Input material START

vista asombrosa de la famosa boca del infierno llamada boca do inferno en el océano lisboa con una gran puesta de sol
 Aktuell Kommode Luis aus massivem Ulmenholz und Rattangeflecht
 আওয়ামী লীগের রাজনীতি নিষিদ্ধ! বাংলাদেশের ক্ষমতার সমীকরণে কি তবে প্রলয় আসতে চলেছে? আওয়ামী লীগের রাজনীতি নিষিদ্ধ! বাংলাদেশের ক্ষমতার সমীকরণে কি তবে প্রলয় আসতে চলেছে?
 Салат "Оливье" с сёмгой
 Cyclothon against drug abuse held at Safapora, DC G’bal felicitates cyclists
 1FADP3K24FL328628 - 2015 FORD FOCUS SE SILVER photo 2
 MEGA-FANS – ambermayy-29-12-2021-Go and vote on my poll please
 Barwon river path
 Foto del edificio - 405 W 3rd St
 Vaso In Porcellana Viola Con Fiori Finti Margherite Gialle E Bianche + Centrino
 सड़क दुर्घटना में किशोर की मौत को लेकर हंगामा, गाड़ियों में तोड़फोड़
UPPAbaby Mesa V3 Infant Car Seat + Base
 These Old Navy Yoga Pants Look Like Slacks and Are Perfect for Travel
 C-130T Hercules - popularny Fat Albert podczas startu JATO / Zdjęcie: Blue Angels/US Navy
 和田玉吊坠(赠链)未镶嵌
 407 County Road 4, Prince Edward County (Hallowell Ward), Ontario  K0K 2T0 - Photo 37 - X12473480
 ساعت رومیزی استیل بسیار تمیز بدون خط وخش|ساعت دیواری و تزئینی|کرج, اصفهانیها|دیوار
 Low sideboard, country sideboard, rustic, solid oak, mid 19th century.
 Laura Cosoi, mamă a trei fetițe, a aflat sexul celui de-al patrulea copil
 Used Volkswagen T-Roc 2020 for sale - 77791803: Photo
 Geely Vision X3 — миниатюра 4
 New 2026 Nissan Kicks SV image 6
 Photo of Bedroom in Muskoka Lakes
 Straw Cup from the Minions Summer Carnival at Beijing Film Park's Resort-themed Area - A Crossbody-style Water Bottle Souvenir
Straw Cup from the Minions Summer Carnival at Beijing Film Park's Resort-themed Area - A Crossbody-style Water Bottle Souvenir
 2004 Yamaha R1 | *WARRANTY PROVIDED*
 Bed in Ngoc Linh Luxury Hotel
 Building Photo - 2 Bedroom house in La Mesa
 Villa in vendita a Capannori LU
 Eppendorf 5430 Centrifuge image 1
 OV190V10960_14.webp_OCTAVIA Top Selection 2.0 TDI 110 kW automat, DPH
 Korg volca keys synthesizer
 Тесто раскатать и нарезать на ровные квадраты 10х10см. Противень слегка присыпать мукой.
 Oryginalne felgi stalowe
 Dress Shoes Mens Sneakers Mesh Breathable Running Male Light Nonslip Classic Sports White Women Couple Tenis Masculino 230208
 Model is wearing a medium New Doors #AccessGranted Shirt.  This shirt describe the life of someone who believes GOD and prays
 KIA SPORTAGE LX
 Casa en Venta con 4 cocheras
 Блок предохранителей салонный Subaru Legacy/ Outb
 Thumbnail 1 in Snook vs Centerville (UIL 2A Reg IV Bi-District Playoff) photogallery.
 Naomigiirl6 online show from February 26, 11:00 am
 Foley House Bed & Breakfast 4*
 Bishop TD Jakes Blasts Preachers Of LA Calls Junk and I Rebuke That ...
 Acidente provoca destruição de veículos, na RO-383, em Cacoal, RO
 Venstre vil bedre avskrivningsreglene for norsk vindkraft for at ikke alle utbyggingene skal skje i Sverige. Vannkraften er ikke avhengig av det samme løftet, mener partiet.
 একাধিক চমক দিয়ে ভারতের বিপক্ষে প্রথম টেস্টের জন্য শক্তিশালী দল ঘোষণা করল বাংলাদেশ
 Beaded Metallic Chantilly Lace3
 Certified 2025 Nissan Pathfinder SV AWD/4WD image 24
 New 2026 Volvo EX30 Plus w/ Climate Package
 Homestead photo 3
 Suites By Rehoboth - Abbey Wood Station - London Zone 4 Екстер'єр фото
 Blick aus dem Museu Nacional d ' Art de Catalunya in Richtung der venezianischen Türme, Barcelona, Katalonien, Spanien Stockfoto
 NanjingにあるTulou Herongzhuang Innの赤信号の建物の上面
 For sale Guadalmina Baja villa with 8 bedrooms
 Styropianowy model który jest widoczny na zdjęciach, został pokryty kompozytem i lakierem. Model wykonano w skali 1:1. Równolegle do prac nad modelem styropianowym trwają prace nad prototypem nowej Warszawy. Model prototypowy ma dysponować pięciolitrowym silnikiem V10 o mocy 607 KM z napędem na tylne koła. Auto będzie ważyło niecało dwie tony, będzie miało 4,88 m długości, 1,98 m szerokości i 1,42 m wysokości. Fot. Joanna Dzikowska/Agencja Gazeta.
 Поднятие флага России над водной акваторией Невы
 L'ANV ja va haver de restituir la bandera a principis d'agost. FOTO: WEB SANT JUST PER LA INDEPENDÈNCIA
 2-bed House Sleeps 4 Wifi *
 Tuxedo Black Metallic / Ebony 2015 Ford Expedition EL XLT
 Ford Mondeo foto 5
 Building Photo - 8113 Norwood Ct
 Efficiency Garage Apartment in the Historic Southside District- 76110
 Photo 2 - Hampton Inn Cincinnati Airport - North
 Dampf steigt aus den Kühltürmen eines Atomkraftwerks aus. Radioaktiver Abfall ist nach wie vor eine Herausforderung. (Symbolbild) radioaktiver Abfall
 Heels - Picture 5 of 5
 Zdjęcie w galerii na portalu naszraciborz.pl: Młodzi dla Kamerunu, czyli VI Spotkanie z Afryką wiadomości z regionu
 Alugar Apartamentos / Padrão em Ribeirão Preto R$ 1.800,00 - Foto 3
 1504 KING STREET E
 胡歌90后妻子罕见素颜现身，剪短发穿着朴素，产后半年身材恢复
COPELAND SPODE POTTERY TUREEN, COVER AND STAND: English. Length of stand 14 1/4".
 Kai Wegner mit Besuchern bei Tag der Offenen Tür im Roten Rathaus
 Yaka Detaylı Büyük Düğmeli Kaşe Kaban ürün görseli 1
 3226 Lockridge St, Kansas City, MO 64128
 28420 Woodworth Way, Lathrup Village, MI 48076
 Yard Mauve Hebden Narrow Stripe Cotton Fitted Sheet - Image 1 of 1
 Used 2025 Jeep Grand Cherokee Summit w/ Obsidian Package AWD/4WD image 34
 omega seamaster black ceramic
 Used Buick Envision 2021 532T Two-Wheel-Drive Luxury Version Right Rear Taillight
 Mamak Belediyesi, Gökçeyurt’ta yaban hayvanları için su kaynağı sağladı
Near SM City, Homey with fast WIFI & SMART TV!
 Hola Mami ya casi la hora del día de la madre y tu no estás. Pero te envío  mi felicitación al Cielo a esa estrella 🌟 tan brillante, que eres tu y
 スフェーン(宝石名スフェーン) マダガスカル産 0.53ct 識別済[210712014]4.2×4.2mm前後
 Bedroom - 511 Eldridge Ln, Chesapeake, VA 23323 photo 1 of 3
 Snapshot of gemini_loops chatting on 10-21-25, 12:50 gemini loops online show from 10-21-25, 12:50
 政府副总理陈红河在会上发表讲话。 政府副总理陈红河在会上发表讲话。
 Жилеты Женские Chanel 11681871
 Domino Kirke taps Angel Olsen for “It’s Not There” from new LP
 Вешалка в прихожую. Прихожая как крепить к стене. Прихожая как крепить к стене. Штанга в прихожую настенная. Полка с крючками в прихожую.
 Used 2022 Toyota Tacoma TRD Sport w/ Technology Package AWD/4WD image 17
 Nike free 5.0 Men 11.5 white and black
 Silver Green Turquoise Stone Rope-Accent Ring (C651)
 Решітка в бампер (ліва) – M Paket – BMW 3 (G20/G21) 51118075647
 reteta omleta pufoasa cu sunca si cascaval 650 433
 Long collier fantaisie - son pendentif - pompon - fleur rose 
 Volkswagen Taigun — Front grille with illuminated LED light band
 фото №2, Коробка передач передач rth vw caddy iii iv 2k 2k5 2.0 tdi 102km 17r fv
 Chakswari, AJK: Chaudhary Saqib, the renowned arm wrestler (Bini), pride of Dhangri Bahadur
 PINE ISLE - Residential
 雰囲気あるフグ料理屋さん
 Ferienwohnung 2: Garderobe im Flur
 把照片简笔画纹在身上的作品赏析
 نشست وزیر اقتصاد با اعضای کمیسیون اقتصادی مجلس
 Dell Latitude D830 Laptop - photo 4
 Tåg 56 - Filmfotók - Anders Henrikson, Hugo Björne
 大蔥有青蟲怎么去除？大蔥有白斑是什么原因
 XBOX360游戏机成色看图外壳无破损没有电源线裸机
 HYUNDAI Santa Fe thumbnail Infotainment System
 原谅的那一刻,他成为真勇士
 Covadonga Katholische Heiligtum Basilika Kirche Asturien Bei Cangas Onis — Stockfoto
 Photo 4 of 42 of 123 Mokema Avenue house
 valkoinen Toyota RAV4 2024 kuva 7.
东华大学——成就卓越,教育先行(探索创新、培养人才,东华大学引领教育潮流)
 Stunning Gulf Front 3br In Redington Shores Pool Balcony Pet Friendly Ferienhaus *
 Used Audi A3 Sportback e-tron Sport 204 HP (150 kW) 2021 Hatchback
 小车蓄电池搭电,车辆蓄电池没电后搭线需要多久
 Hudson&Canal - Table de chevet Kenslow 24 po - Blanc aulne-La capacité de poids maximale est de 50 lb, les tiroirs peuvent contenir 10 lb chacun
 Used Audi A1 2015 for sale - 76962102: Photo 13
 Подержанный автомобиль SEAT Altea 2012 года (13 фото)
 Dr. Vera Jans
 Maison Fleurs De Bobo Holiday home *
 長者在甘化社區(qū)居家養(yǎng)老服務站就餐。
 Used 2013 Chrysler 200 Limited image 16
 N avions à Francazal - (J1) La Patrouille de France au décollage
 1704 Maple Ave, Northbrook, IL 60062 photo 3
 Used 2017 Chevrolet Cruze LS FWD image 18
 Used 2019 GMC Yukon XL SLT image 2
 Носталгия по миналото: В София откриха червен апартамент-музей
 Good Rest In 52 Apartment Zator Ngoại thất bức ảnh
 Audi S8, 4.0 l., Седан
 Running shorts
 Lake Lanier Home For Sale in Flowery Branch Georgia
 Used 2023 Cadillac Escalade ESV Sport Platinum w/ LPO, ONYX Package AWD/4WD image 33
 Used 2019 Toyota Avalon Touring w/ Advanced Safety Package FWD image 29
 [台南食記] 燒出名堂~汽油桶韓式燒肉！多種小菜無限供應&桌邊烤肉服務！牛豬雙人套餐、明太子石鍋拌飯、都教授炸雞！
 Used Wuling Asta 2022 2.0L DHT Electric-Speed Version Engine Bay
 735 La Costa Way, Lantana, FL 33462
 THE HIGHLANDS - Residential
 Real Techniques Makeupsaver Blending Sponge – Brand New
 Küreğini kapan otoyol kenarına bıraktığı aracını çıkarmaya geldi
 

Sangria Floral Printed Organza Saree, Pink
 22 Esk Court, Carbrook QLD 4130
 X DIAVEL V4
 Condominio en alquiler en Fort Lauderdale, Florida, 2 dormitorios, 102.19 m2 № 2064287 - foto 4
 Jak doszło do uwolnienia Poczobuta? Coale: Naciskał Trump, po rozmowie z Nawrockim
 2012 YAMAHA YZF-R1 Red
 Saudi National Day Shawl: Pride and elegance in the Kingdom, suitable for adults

Input material END

What the exercise asks:
Copy out all lines above holding "Luxury".

Task result:
 Bed in Ngoc Linh Luxury Hotel
 Used Buick Envision 2021 532T Two-Wheel-Drive Luxury Version Right Rear Taillight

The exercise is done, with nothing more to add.